Apartment living isn’t getting any cheaper, with the amount that renters are paying each month in rent rising yet again in May.
The most recent Yardi Matrix multifamily report said that the nationwide average apartment rent rose $10 in May to $1,204. That is an all-time high for apartment rents.
According to the report, rents rose by an average of 0.9 percent in May. They also rose 6 percent when compared to the same month one year earlier.
The high rents, though, haven’t kept tenants from renting apartments at a brisk clip. Yardi Matrix says that occupancy rates stood at 96 percent in April, up by a percentage point from a year earlier. The multifamily occupancy rate has been at least 95 percent for the last two years, according to Yardi Matrix.

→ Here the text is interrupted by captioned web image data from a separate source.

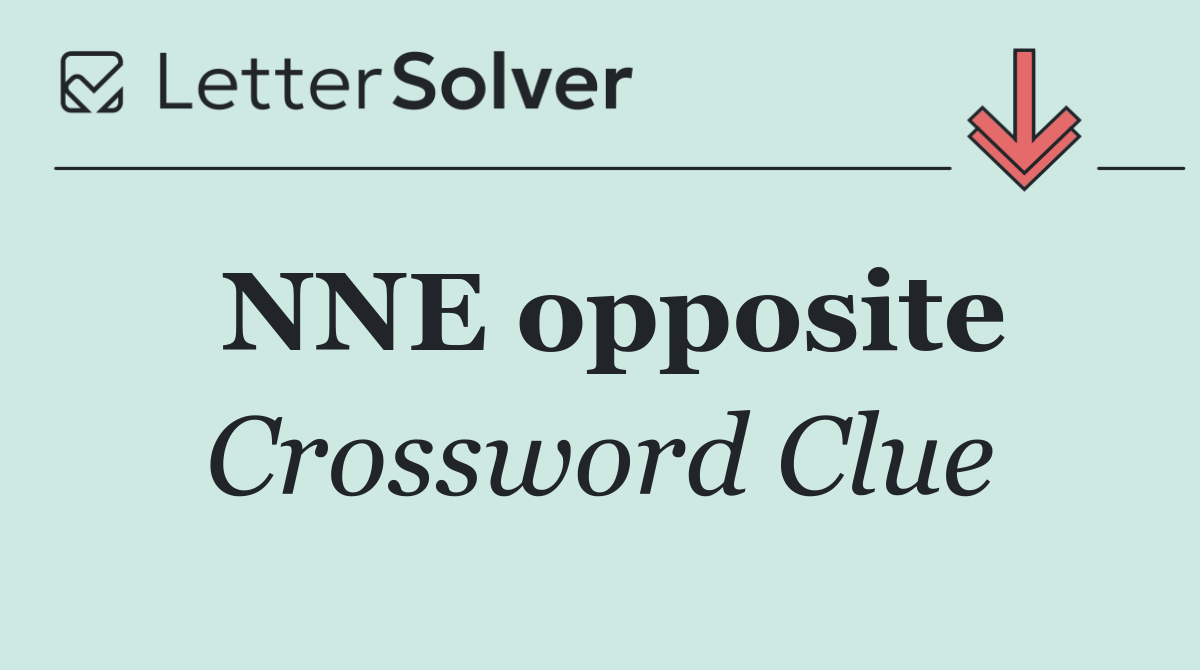 NNE opposite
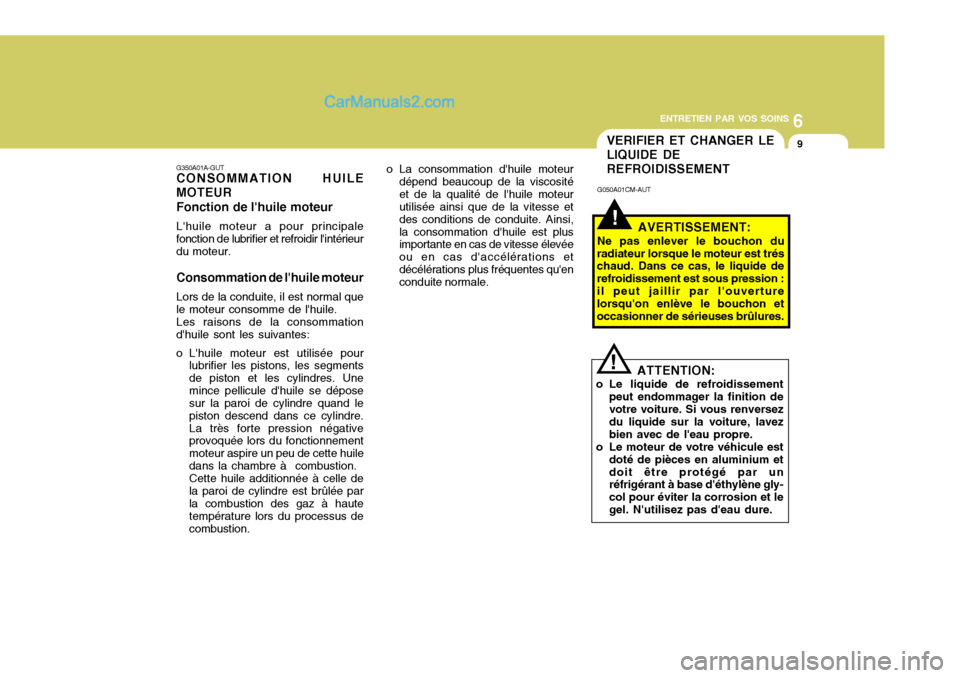 Hyundai Santa Fe 2006 Manuel du propriétaire (in French) 6
ENTRETIEN PAR VOS SOINS
9VERIFIER ET CHANGER LE LIQUIDE DEREFROIDISSEMENT
!
G050A01CM-AUT
AVERTISSEMENT:
Ne pas enlever le bouchon du
radiateur lorsque le moteur est trés chaud. Dans ce cas, le liq Hyundai Santa Fe 2006 Manuel du propriétaire (in French) 6
ENTRETIEN PAR VOS SOINS
9VERIFIER ET CHANGER LE LIQUIDE DEREFROIDISSEMENT
!
G050A01CM-AUT
AVERTISSEMENT:
Ne pas enlever le bouchon du
radiateur lorsque le moteur est trés chaud. Dans ce cas, le liq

Yardi Matrix studies 111 major markets across the United States in its report. Several Midwest markets saw solid rent apartment rent growths. In Chicago, Yardi Matrix expects that apartment rents will have grown 2 percent by the time 2016 comes to an end. In Minneapolis/St. Paul, that figure stands at 1.5 percent.
In the Nashville and Knoxville areas, though, apartment rents are expected to rise an even higher 4 percent by the time 2016 ends. And in the Kansas City area, apartment rents should rise 3.1 percent by the end of the year.